So fängt eine kräftige Rede an. Im Prophetenbuch Hesekiel, Kapitel 34, steht sie. Deutliche Worte, ursprünglich an politisch und geistlich Verantwort­liche in Israel gerichtet, knapp 600 Jahre vor Christus. "Wehe den Hirten, die sich selbst weiden!"

An wen denken Sie, wenn Sie das hören? An die Hirten in der Kirche? An Pastoren, Pfarrer, Bischöfe? Gott lässt im Hesekiel-Buch den Leitfiguren damals ausrichten: „Ihr nehmt euren Hirtenauftrag nicht ernst. Ihr lasst das Volk in die Irre gehen.“

Was würden Sie Ihrem Pastor, Ihrer Pfarrerin oder einer Kirchenleitung heute sagen wollen? Wobei wir jetzt den Horizont weiten müssen. In der Bibel sind mit Hirten nicht nur Amtsträger in der Kirche gemeint, sondern alle, die irgendwie für andere Men­schen Verant­wortung tragen. Solche, die auf andere sehen und für sie sorgen sollen. Sie haben einen Hirtenauftrag. Dazu gehören Eltern und Lehrer, Erzieherinnen und Sozialarbeiter, Verantwortliche in der Seelsorge, Beratung, Pflege. Und natürlich in der Politik.

Ihnen zeigt der Prophet: Gott ist es nicht gleichgültig, wie sie ihr Hirtenamt wahrnehmen, ob in großen oder im kleinen Lebensbereichen, in der Kirche und außerhalb.

Die Gefahr heißt: Dass Hirten sich selber weiden. Die Gefahr zieht sich durch alle Jahrhunderte, dass Leitungsverantwortliche selbst­gefällig werden. Zuerst um sich selbst besorgt, auf den eigenen Nutzen bedacht. Heißt ihre erste Motivation Pflege der eigenen Ehre? Die Bibel bringt es auf den Punkt: wenn Hirten sich selbst weiden, dann werden sie un­gerecht, fragen nicht mehr nach Gottes Geboten, lassen die Schwachen links liegen. Von Machtgier und Geldhunger getrieben wachsen Korruption und Betrügereien. Das können wir bei Hesekiel nachlesen – und Beispiele dafür in der Tageszeitung.

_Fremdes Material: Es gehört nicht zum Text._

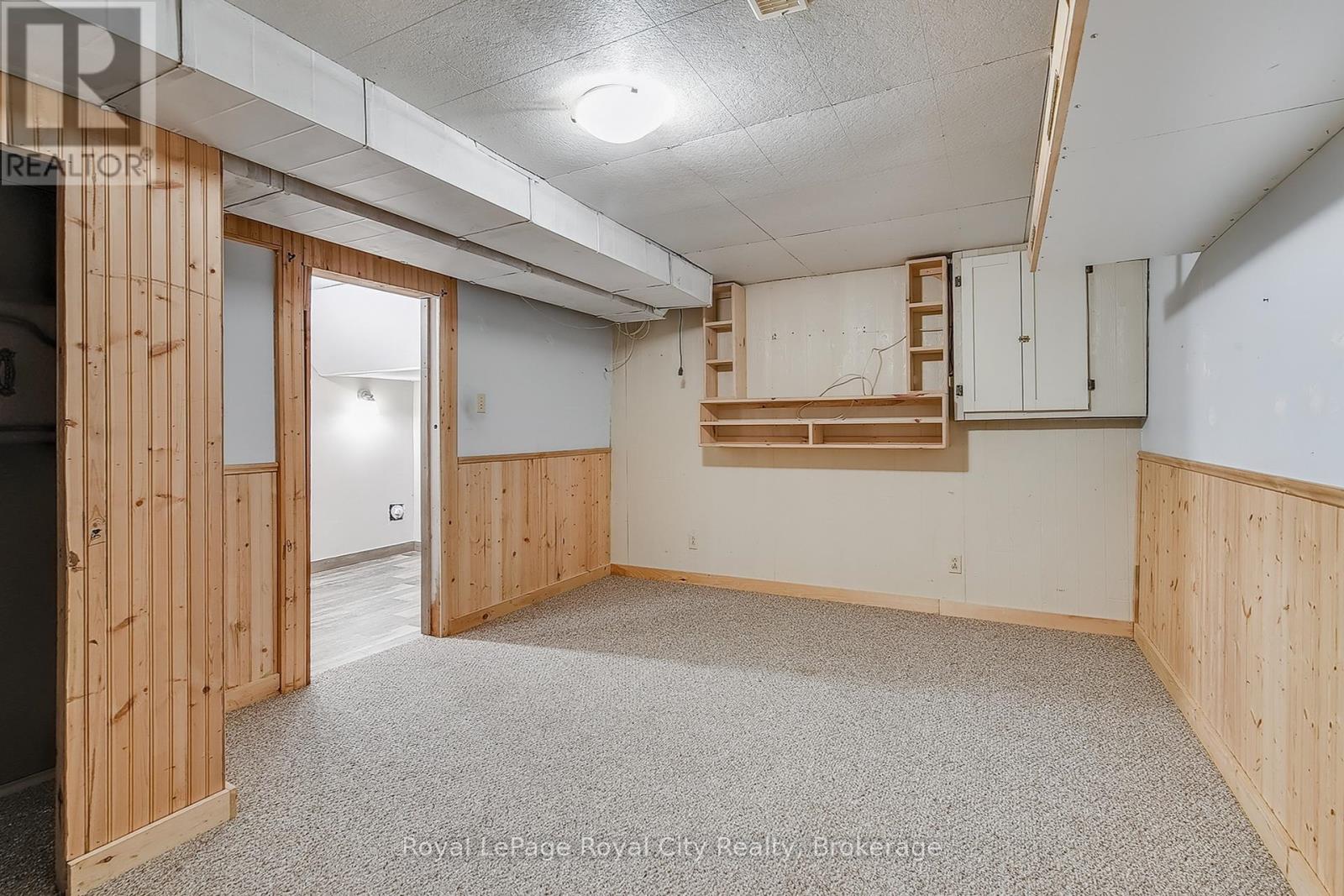 19 Leacock Avenue, Guelph (Grange Road), Ontario  N1E 6P9 - Photo 20 - X12452049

Und was folgt nun daraus? Bleibt es bei der Mahnrede Gottes? Endet sie in der Anklage? Nein, Gottes Rede geht weiter. Und zwar in einem ganz anderen Ton. Sie endet nicht in Vorwürfen, sondern in Hoffnung. Sie mündet in Gottes Zusage: „Ich will mich meiner Herde selbst annehmen und sie weiden. Ich will das Verlorene suchen und das Verirrte wieder heimbringen.“

Gott selbst engagiert sich als Hirte. Er winkt nicht nur von Weitem, sondern er will selbst weiden. Er will Durstige zum frischen Wasser führen. Die nach Hilfe und Liebe Hungrigen leitet er dorthin, wo es neue Kraft gibt. Gott hat in Jesus Christus Hirtenhand und -fuß bekommen. Er, der gute Hirte, ging auf die Suche nach denen, die sich im Gestrüpp von Leid und Schuld verheddert haben. Er lässt verlorene Schafe nicht links liegen. Ihm sind Verwundete nicht egal. So will Jesus der gute Hirte sein – auch heute.

Was lernen wir daraus? Mit Wir meine ich jetzt alle, die auch irgendeinen Hirtenauftrag haben. Ich denke, wir können Dreierlei lernen:

Erstens: Prüfen wir immer wieder unsere Motivation. Geht es uns um die eigene Ehre? Weiden wir uns selber? Oder erfüllen wir unseren Weideauftrag für andere – und damit auch für Gott?

Zweitens: Wir sind nicht die Höchsten. Wir haben nicht die letzte Macht. Über uns steht der, der von sich sagt: „Ich bin der gute Hirte“. Er sagt es auch für uns. In unserer Hirtenaufgabe können und sollen wir uns von ihm weiden und leiten lassen und dabei wissen: Auch in dunklen Tälern ist er bei uns.

Drittens: Bei Jesus können wir sehen, wie man Wahrheit mit Barmherzigkeit verbinden kann. Er hat Liebe geschenkt, nicht zuerst gefordert. Diese Hirtenart kann uns prägen.

Wenn Sie gerade gedacht haben: Ich sehe für mich keinerlei Hirtenaufgabe, dann möchte ich Sie ermutigen, für die Hirten, die Sie kennen, zu beten. Das ist nötig. Und solches Beten ist dann auch schon ein wichtiger Hirtendienst.